Innerhalb weniger Jahre stieg der uneheliche Sohn eines Stoffhändlers vom Bühnenbildassistenten zu einem der wichtigsten Opernregisseure der Welt auf. Mitte der 1950er Jahre inszenierte Zeffirelli erstmals an der Mailänder Scala, später auch an der Metropolitan Opera in New York und an der Wiener Staatsoper.

Sein Stil war unverkennbar, seine Inszenierungen der klassischen Oper immer üppig und farbenfroh. Er selbst kultivierte das Aussehen eines Dandys mit einem Seidenschal und exklusiver Kleidung.

Opulente Bilder auch im Film

Auch als Filmregisseur erzielte Zeffirelli später Erfolge. Er übertrug seine opulenten Bilder von der Opernbühne auf die Leinwand.

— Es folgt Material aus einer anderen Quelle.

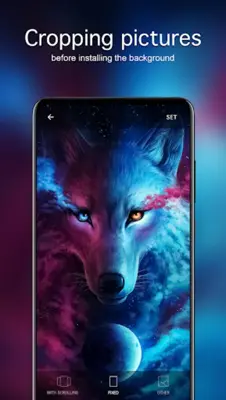 Wolf Wallpapers 4K android App screenshot 2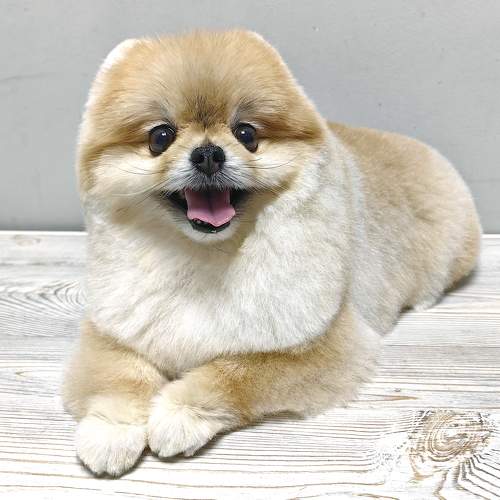 Photo #8987840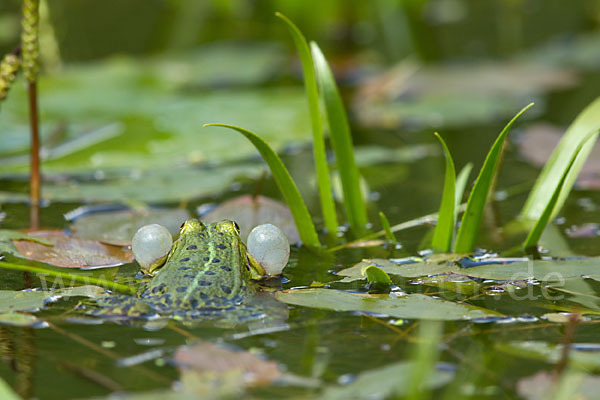 Grünfrosch (Pelophylax spec.)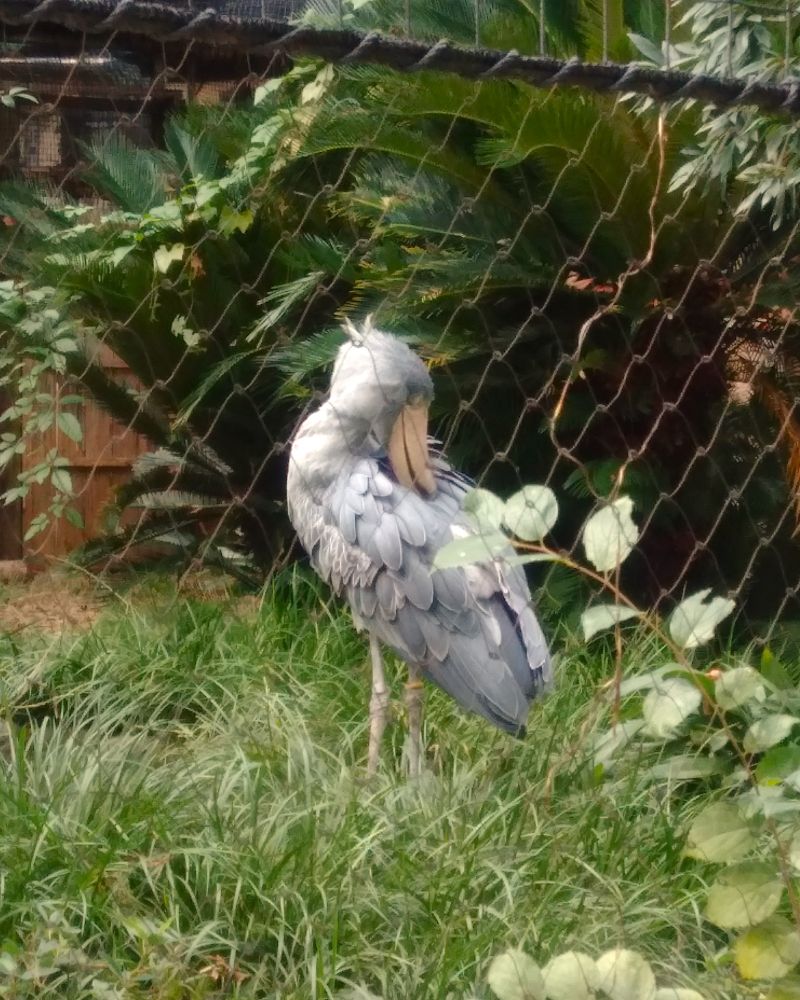 ハシビロコウ
念入りに羽繕い中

In den späten 1960er Jahren drehte er Shakespeares "The Taming of the Shrew" mit Elizabeth Taylor und Richard Burdon.

Zeffirelli erhielt seine größte Anerkennung als Regisseur für seine moderne, aber textlich korrekte Adaption des Romeo und Julia-Themas. Für seinen Romeo und Julia-Film erhielt Zeffirelli eine Oscar-Nominierung und einen David di Donatello, den angesehensten italienischen Film vergeben.

Sein monumentaler Fernsehfilm "Jesus von Nazareth" – sechs Stunden lang – wurde Ende der 1970er Jahre zu Zeffirelli – beide für den US-Fernsehpreis Emmy und für den Filmpreis der British Academy nominiert. Zeffirelli-Filme waren schon immer Filme mit großartigem Gefühl. Er selbst gab zu, dass er anfällig für Pathos und Emotionen war.

Enge Freundschaft mit Berlusconi

"Manchmal muss ich mich selbst weinen, wenn ich bestimmte erbärmliche Szenen meiner Filme sehe", sagte Zeffirelli in einem seiner Interviews. "In jedem meiner Filme gibt es Szenen, die mich zum Weinen bringen." Er möchte die großen Themen des Fühlens. Auch die von Tränen, die immer eine reinigende Wirkung haben. "Es reinigt dich, wenn du weinst", sagt Zeffirelli. Von den Menschen, die nicht weinen, sollte man sich fernhalten.

Zeffirelli war unter anderem mit dem Medienmogul und ehemaligen italienischen Ministerpräsidenten Silvio Berlusconi eng befreundet. Für seine Partei Forza Italia saß er sieben Jahre im italienischen Senat.

Kritiker der Schwulenbewegung – aber auch Homosexuelle

Zeffirelli plädierte für seine Homosexualität, war aber auch scharfer Kritiker der Schwulenbewegung. Der Homosexuelle ist niemand, der mit seinem Gesäß wackelt und es wieder gut macht. Homosexualität, sagte Zeffirelli, sei Griechenland. Rom ist kreative Männlichkeit.

Während der # MeToo-Debatte beschuldigte der US-amerikanische Schauspieler Johnathon Schaeck Zeffirelli, ihn sexuell missbraucht zu haben. Zeffirellis Adoptivsohn bestritt die Vorwürfe. Der Regisseur selbst hat dies nicht öffentlich kommentiert. Zeffirelli war 96 Jahre alt.

Deutschlandfunk Kultur berichtete am 15. Juni 2019 um 17:26 Uhr über dieses Thema.